In practice… maintenance of these products is extremely difficult.  If there’s a bug in NSS or the browser devtools, I’m not the best person to fix it.  But I’m the Mozilla expert where I work, and usually have been.

I think it isn’t a stretch to say that web browsers, because of the sheer number of features needed to satisfy the average end-user, rapidly approach the complexity of a full-blown operating system.  That’s right:  Firefox is your operating system for accessing the Web.  Or Chrome is.  Or Opera, or Safari.  It’s not just HTML, CSS and JavaScript anymore:  it’s audio, video, security, debuggers, automatic updates, add-ons that are mini-programs in their own right, canvases, multithreading, just-in-time compilation, support for mobile devices, animations, et cetera.  Plus the standards, which are also evolving at high frequencies.

My point in all this is as I said above:  we third party developers have to own the code, even code bases far too large for us to properly own anymore.  What do I mean by ownership?  Some would say, “deal with it as best you can”.  Some would say, “Oh yeah? Fork you!”  Someone truly crazy (me) would say, “consider what it would take to build your own.”

I mean that.  Really.  I don’t mean “build your own.”  I mean, “consider what you would require to do this independently of the big browser vendors.”

If that thought – building something that fits your needs and is complex enough to satisfy your audience of web end-users, who are accustomed to what Mozilla Firefox or Google Chrome or Microsoft Edge, etc., provide them already, complete with back-end support infrastructure to make it seamlessly work 99.999% of the time – scares you, then congratulations:  you’re aware of your limited lifespan and time available to spend on such a project.

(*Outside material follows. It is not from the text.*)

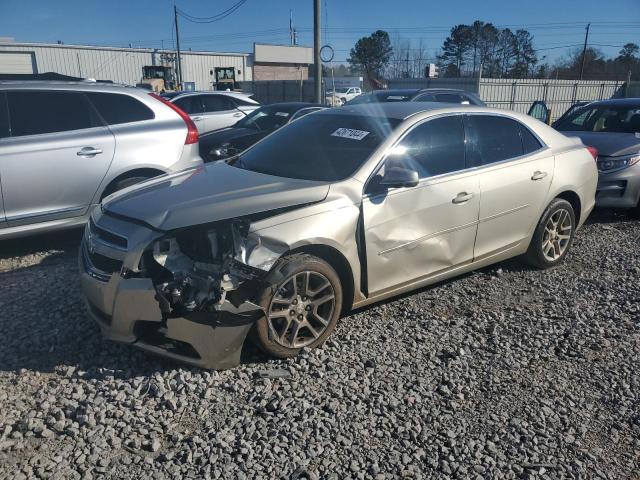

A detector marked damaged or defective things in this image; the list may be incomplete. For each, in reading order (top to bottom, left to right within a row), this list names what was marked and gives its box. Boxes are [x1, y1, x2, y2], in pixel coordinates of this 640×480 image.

For what it’s worth, I am considering such an idea.  For the future, when it comes time to build my own company around my own ideas.  That idea scares the heck out of me.  But I’m still thinking about it.

Just like reading this article, when it comes to building your products, you get what you pay for.  Or more accurately, you only own what you’re paying for.  The rest of it… that’s a side effect of the business or industry you’re working in, and you’re not in control of these external factors you subconsciously rely on.

Bottom line:  browser vendors are out to serve their customer bases, which are tens of millions, if not hundreds of millions of people in size.  How much of the code, of the product, that you are complaining about do you truly own?  How much of it do you understand and can support on your own?  The chances are, you’re relying on benevolent dictators in this oligopoly of web browsers.

It’s not a bad thing, except when their interests don’t align with yours as a developer.  Then it’s merely an inconvenience… for you.  How much of an inconvenience?  Only you can determine that.

Then you can write a long diatribe for Planet Mozilla about how much this hurts you.